Multiplication principle

2.C Programming matrix multiplication function with language

Write function （ Array form and pointer form ）

test

3. Complete code

1. principle

Multiply left and multiply right

In linear algebra , Matrix left multiplication is different from matrix right multiplication .

for example ： The existing matrix A： , matrix B：.

AB For matrix B Left multiplication matrix A：

BA For matrix B Right multiply matrix A：

It is found by calculation that ： The result of left multiplication and right multiplication is completely different , So in matrix multiplication , It is necessary to distinguish between left and right multiplication .

Multiplication principle

The conditions that matrix multiplication needs to meet ： The number of columns of the matrix on the left = The number of rows of the matrix on the right .

Rows and columns of the result matrix ： Row number = The number of rows of the matrix on the left , Number of columns = The number of columns in the right matrix .

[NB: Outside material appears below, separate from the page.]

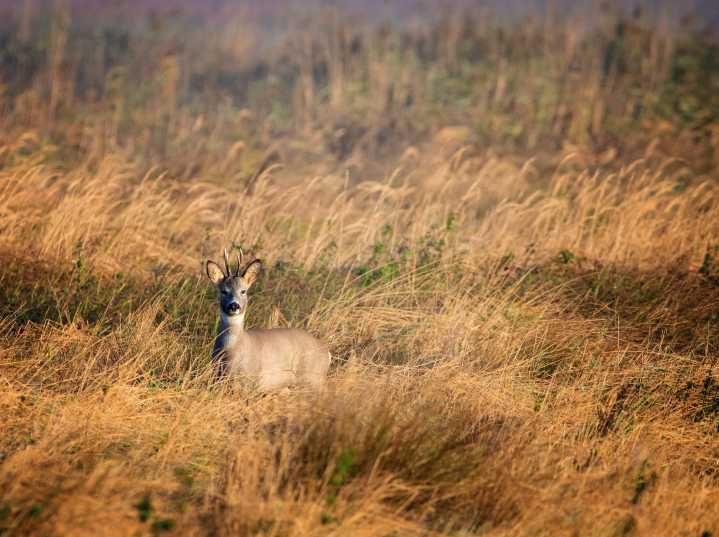 One by one: The lone wolves of the animal kingdom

Matrix multiplication process ：

With AB For example ：

• A The order of the matrix One The elements in the row and B Matrix No One Elements in columns Corresponding Multiply again Add up , The results are placed in the first row and the first column ;
• A The order of the matrix One The elements in the row and B Matrix No Two Elements in columns Corresponding Multiply again Add up , The results are placed in the first row and the second column ;
• A The order of the matrix One The elements in the row and B Matrix No 3、 ... and Elements in columns Corresponding Multiply again Add up , The results are placed in the first row and the third column ;
• ......
• A The order of the matrix 3、 ... and The elements in the row and B Matrix No 3、 ... and Elements in columns Corresponding Multiply again Add up , The results are placed in the third row and the third column ;

The final result is ：

2.C Programming matrix multiplication function with language

Write function （ Array form and pointer form ）

Although matrix can be divided into left multiplication and right multiplication , But just change the position of the incoming parameter , You can realize left multiplication and right multiplication .

The core idea ：

• Use a two-dimensional array to store the numbers in the matrix , use define Define row and column values , Facilitate code changes .
• Define a matrix left multiplication function Matrix_left_mul, Pass the matrix and its row and column length to the function .
• utilize 3 individual for Loop traversal completes the calculation .

Parameters can be passed in the form of an array , It can also be passed in the form of a pointer , Both are essentially the same . Both methods will be introduced .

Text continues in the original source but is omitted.